◆ **What to do**
Extract, in full, the lines below, beginning at the first and ending with the line that contains "New 7-8 years". Pictures do not belong in the copy.

◆ **Records to use**
>>
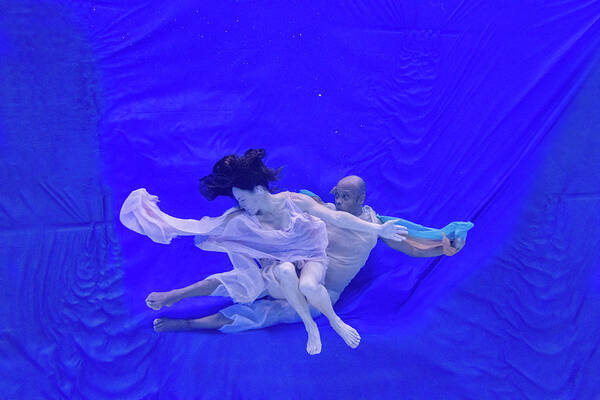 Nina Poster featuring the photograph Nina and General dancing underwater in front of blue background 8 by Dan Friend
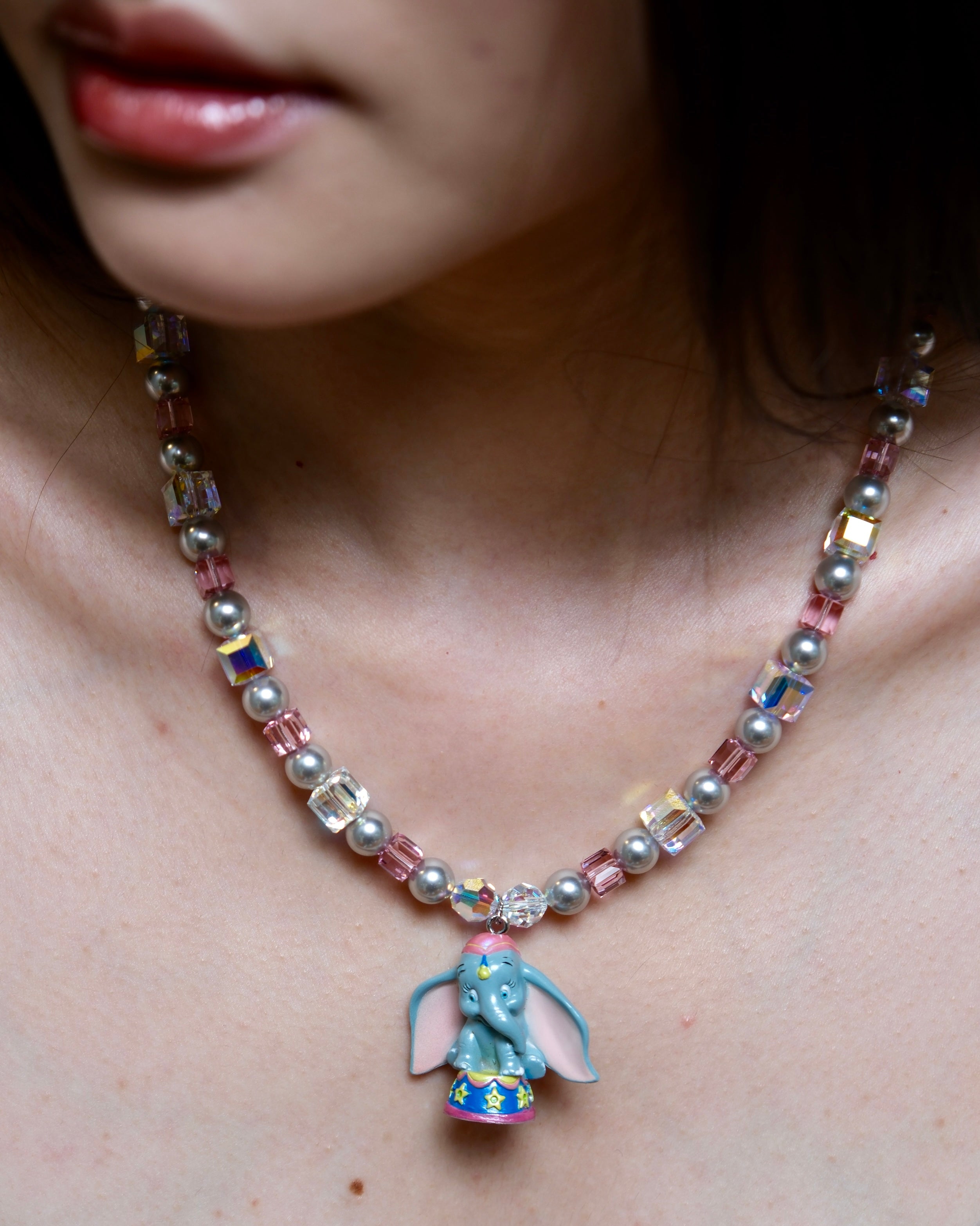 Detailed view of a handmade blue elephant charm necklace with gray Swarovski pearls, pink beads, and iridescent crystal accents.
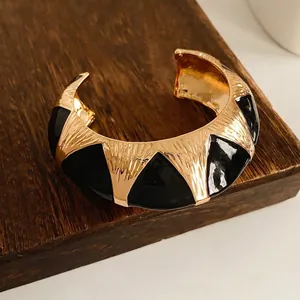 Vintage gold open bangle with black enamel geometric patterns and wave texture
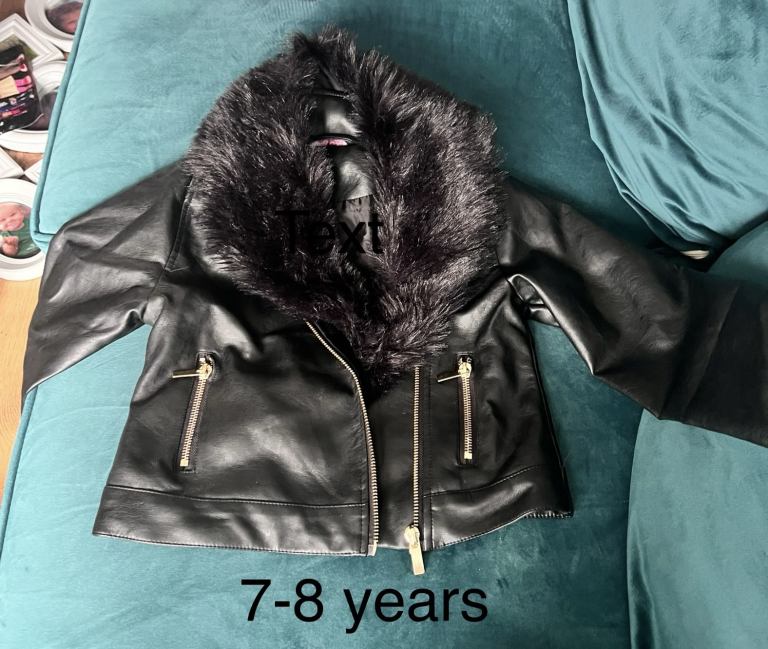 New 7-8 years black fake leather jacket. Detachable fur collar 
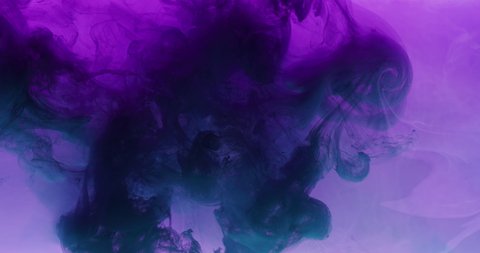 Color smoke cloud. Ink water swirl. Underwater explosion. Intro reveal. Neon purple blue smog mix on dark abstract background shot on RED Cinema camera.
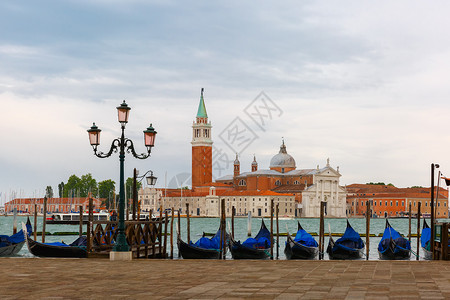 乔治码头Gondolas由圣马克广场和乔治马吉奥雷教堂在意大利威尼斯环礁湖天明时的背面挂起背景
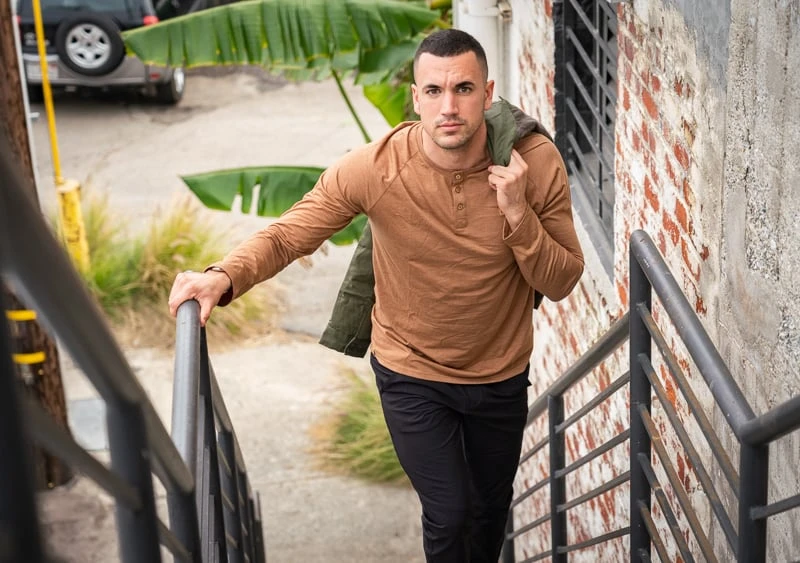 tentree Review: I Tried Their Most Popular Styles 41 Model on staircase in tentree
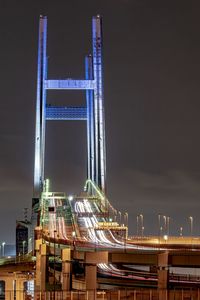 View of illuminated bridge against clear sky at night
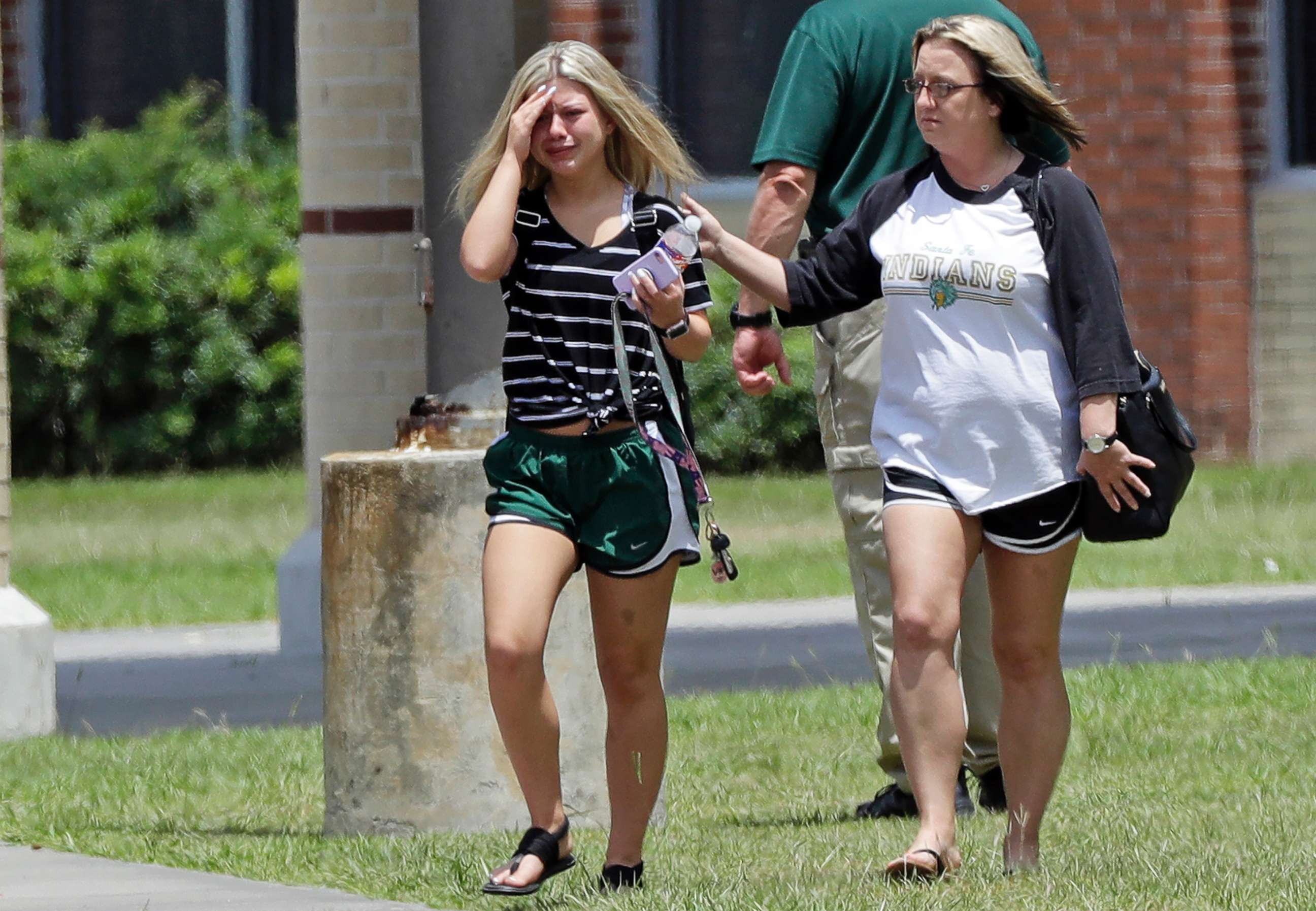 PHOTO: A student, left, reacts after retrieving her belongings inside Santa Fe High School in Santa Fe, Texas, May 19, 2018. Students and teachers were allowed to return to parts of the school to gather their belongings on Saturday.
<<
◆ **Exercise answer**
 Nina Poster featuring the photograph Nina and General dancing underwater in front of blue background 8 by Dan Friend
 Detailed view of a handmade blue elephant charm necklace with gray Swarovski pearls, pink beads, and iridescent crystal accents.
 Vintage gold open bangle with black enamel geometric patterns and wave texture
 New 7-8 years black fake leather jacket. Detachable fur collar 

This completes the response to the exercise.